Ingrid tittered, then her face turned serious. "We shouldn't joke about such things."
"No, we shouldn't," agreed Hudson with an exaggerated serious face.
"Have a seat and sorry to keep you late." Ingrid sat down in her swivel chair.
"For you, not a problem, my dear." Hudson took the seat across from her desk, one he was quite comfortable in. It was clear he loved their private little tete-a-tetes. He crossed his legs and leaned forward, an elbow on one knee, face cupped in his palm. "What's up, Miss Ingrid?"
Ingrid looked around, steeled herself, and looked him directly in the eye. "Well, remember how you said you were my old reliable friend, and you would be here when I needed you?"
"Yes, of course," said Hudson. "I'm your Old Faithful.

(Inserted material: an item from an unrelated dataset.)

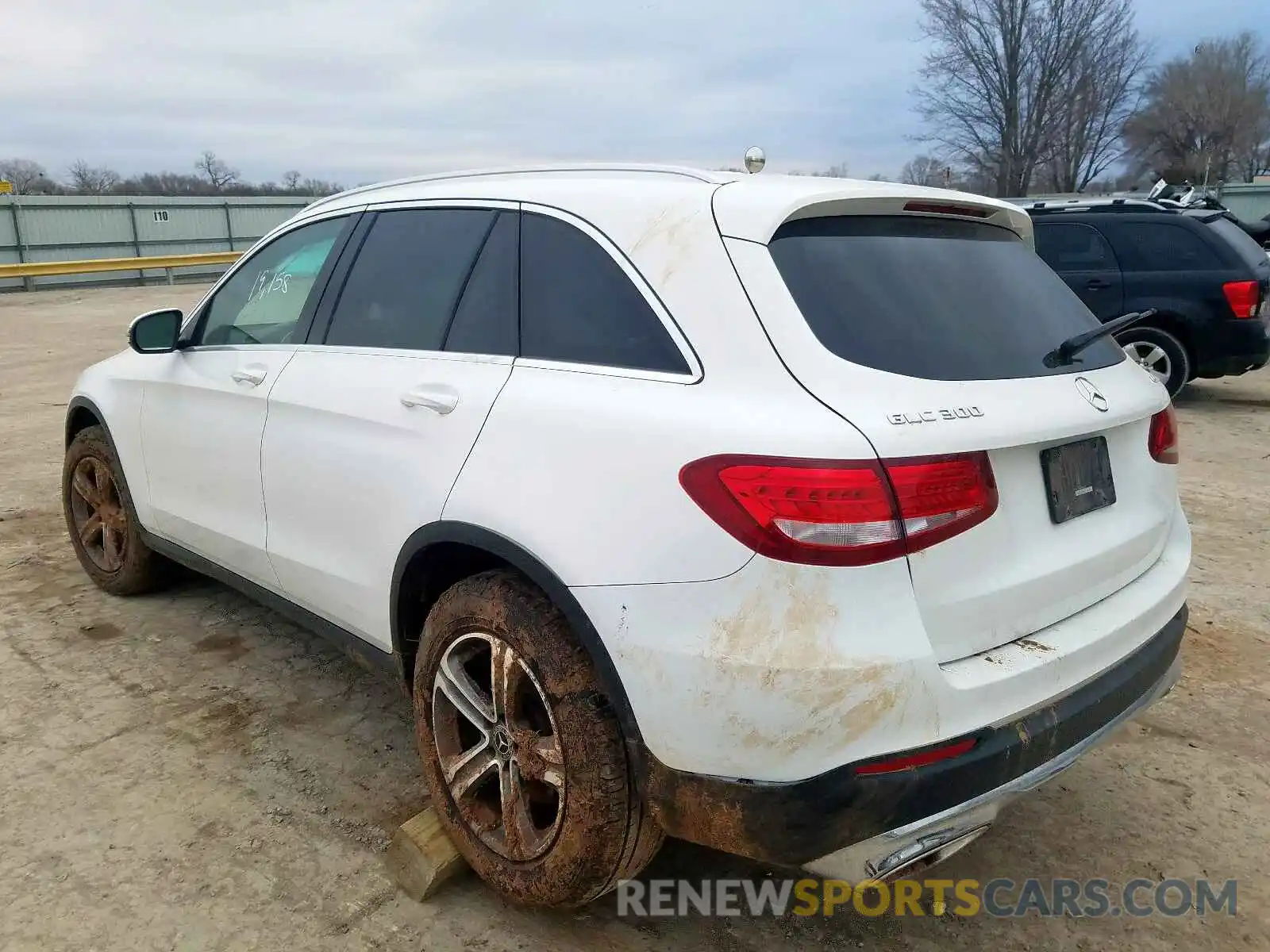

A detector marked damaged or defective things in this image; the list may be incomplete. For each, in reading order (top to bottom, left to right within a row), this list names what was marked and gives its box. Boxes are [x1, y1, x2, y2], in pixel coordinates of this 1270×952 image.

damaged bumper [651, 606, 1187, 876]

Here to spout wisdom and truth."
"I need you, but I don't know how to put it, and you have to promise not to laugh once I tell you."
He laughed. "Okay, I just got it out of the way. Have out with it, Ingrid."
"I guess there is only one way of putting it, really," Ingrid hedged.
"Yes?" Hudson smiled to help bring his friend out of her shell. He knew she had a tendency to get nervous, shifty, and was prone to making a mountain out of a molehill.
"Well, I'm a virgin, Hudson, to put it bluntly," she said, bravely forging ahead.
"Oh!" He was staring at her, wide-eyed, and he did not laugh at all. "I see ..."
"God, this is awkward," remarked Ingrid. "This is worse than talking to my mother."
"No, no. Sorry, you just caught me off guard." He looked down and squared his tie, flicked at a bit of lint on his suit. He looked up. "This was just the last thing I expected to hear. You mean to say that you never?"
"Never," said Ingrid quickly. She bit her lip.
"But you're, like ..." Hudson began, then let the incomplete sentence dangle there. He stared curiously at her.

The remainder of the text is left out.